In my experience, there’s a minority of people who use the language merely to show off or to exclude non-speakers. But spoken for the right reasons, it’s full of rich expressions that often have no direct translation.

‘Tartle’ is the act of hesitating while introducing someone because you’ve forgotten their name, and is under consideration by the Collins dictionary. ‘Driech’ can be used to describe any weather except warm and sunny, and can only be used in relation to weather. There are even informal neologisms such as the word Facebook being split into its component words and translated to ‘Pusjotter’; there’s no one definitive reference for this, so here are my search results.

I’ve no plans to start writing in Scots myself. But I am pleased to be fluent in half a language and I appreciate the insight it gives me.

Irregular behaviour.

Anyone who’s attempted to learn English as a foreign tongue can tell you how weirdly different it is from other languages. I’d like to focus on just a few of these absurdities, prompted by the recent decision of the American Dialect Society to award their Word of the Year to the singular they.

To refer to yourself, you use I; to refer to a group you’re part of, it’s we. The English language has this sorted. However, a third party group is given the pronoun they, while a third party that’s not part of a group is given he, she or it. These latter three pronouns are often fine to use, but there can be problems.

English: Grammatical Person / Pronouns - third...
English: Grammatical Person / Pronouns – third person singular (Photo credit: Wikipedia)

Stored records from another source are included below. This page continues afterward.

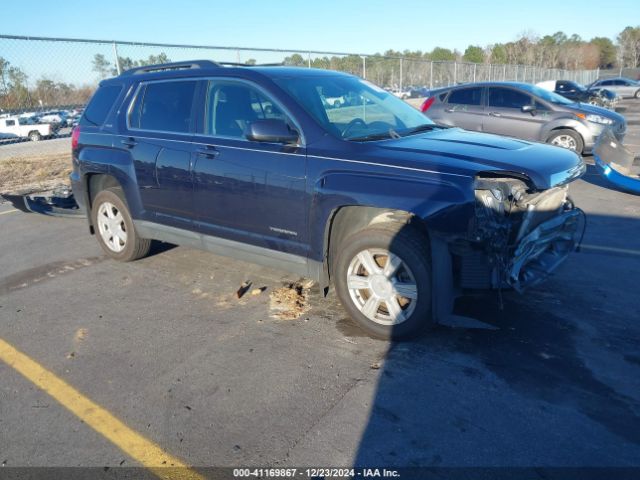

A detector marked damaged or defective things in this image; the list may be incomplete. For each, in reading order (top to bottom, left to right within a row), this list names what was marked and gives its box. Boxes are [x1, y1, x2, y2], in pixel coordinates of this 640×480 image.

crumpled front fender [592, 129, 636, 195]
crushed front bumper [592, 129, 636, 195]
detached bumper piece [592, 129, 640, 195]
damaged front end [592, 129, 640, 195]
damaged front end [460, 172, 584, 292]
crushed front bumper [508, 207, 584, 290]
detached bumper piece [508, 208, 584, 290]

Supposing you’ve received an anonymous letter. How would you refer to the author? It would be inappropriate to say it because it wasn’t written by an animal nor an inanimate object. Similarly, it’s unwieldy to keep saying he or she. So like a trooper, they steps up to the challenge.

To compound matters, there are people who are not necessarily transgender but who identify as a mixture of both genders or as neither, and therefore it would be incorrect to write he, she or it. Again, they volunteers for duty.

So on the whole, they fills the gender-neutral gap in our language, and it has done for hundreds of years. Yet it falls foul of another uniquely English grammar quirk.

Let’s use the verb to run. Substituting the to for a pronoun gives us: I run, you run, we run, but he, she or it runs. So when we use they as a singular, it ought to be correct to say they runs, but it sounds wrong.

Why, then, hasn’t anyone come up with with a suitable substitute? Folk have tried, but none have caught on. The Guardian gives a detailed account of the search for the magic word while the University of Wisconsin-Milwaukee provides a guide about using personal pronouns.

If you’re unsure about word usage, you could do worse than follow Hannah McCall. She’s a qualified proofreader who writes about the trickier points of English in her blog, yet in an accessible manner. I’m also aware she can probably find a dozen holes in this entry alone.

But I don’t want you to go away feeling that English is the worst language in the world. After all, we have some words that no other language has.

One of these is serendipity, when you make a beneficial or pleasing find by chance. Another biggie is trade-off, which won an award a few years ago as it’s so difficult to translate. It’s not a mere compromise, but where you exchange one quality for another, while understanding the advantages and disadvantages of each.